06 janvier, 2011

Côte d'Ivoire: Ouattara prône une opération commando pour "enlever" Gbagbo

ABIDJAN (AFP)

AFP

Le président proclamé ivoirien Laurent Gbagbo le 3 janvier 2011 à Abidjan

Alassane Ouattara, reconnu président ivoirien par la communauté internationale, a prôné jeudi, si nécessaire, une action commando "non violente" de l'Afrique de l'Ouest pour chasser Laurent Gbagbo de la présidence, où il se voit s'installer en janvier.

Les Etats-Unis ont renforcé leur pression sur le président sortant en annonçant le gel de ses avoirs dans le pays, ainsi que ceux de sa femme Simone et de trois de ses proches.

"S'il s'entête, il appartient à la Cédéao (Communauté économique des Etats d'Afrique de l'Ouest) de prendre des mesures nécessaires et ces mesures peuvent inclure la force légitime", a dit M. Ouattara lors d'une conférence de presse à son QG du Golf hôtel d'Abidjan, soumis à un blocus des forces fidèles au régime.

Après une nouvelle médiation infructueuse mardi, l'organisation ouest-africaine a brandi de nouveau la menace d'une opération militaire pour obtenir le départ de M. Gbagbo et résoudre la grave crise née de l'élection du 28 novembre.

Une intervention armée est en préparation mais cette entreprise à hauts risques reste pour la Cédéao un "dernier recours". Elle aurait des "conséquences incalculables", ont alerté les évêques catholiques ivoiriens, appelant au "dialogue".

AFP

Simone Gbagbo, épouse du président proclamé ivoirien Laurent Gbagbo, le 4 décembre 2010 à Abidjan

"La force légitime ne veut pas dire une force contre les Ivoiriens.

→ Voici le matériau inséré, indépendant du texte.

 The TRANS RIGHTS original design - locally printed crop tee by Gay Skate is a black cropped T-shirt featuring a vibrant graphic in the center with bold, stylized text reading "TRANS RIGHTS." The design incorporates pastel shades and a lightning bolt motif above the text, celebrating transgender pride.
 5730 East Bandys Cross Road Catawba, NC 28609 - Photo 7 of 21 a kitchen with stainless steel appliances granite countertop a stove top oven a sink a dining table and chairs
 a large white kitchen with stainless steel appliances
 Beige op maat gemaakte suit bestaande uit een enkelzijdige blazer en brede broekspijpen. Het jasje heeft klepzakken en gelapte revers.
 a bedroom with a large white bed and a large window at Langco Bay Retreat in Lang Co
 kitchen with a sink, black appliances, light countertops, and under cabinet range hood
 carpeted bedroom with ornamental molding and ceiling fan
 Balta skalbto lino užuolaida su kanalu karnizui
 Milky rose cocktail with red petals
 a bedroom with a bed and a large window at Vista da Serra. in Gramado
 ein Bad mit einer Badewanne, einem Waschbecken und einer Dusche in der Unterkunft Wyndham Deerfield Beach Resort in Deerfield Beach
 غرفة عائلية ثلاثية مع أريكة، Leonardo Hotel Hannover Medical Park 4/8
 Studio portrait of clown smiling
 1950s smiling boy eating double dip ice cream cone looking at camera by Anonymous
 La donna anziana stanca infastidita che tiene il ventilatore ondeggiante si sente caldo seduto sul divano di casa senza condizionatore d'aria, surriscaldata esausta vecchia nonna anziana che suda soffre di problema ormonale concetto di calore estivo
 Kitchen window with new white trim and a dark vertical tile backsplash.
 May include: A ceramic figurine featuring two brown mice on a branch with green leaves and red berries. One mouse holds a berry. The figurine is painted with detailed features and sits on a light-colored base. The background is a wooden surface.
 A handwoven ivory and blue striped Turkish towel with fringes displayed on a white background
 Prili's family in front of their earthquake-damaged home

C'est une force pour enlever Laurent Gbagbo et cela a été fait ailleurs, en Afrique comme en Amérique latine", a cependant expliqué M. Ouattara. "Il y a des opérations spéciales non violentes qui permettent tout simplement de prendre la personne indésirable et de l'emmener ailleurs".

"Laurent Gbagbo partira avant la fin du mois de janvier", a-t-il encore assuré. "J'ai toute une série de mesures en cours qui vont faire qu'il va tomber comme un fruit, pas mûr, mais comme un fruit pourri", a-t-il lancé, sans en dire davantage.

Retranché dans son QG alors que son adversaire est installé au palais présidentiel et contrôle l'armée et l'administration, M. Ouattara multiplie ces derniers jours les prises de parole après avoir été longtemps quasi-muet durant la crise.

Et s'il dit préférer une "solution pacifique", il use d'un style agressif qu'il laissait jusque-là à son Premier ministre Guillaume Soro, chef de l'ex-rébellion des Forces nouvelles (FN).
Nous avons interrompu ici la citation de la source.